╭──

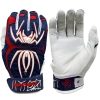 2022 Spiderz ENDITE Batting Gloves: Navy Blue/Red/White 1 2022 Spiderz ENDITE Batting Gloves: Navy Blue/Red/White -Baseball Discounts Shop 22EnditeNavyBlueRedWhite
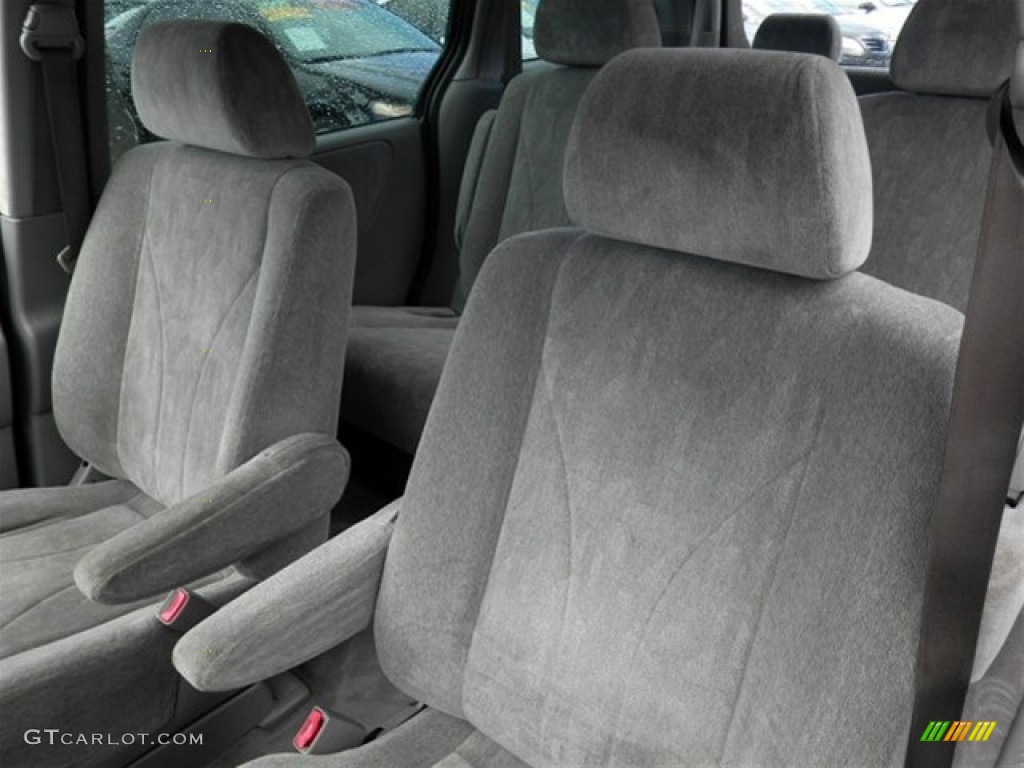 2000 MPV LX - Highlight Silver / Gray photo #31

╰──
╭──

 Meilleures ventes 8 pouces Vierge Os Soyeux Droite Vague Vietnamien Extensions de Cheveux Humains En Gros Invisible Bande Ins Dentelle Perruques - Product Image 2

╰──

## To do
Given the entries above, transcribe exactly the lines from the one holding "2022 Spiderz ENDITE Batting Gloves: Navy Blue/Red/White 1" through the one holding "2000 MPV LX"; pictures do not belong in the transcription.

## Final answer
 2022 Spiderz ENDITE Batting Gloves: Navy Blue/Red/White 1 2022 Spiderz ENDITE Batting Gloves: Navy Blue/Red/White -Baseball Discounts Shop 22EnditeNavyBlueRedWhite
 2000 MPV LX - Highlight Silver / Gray photo #31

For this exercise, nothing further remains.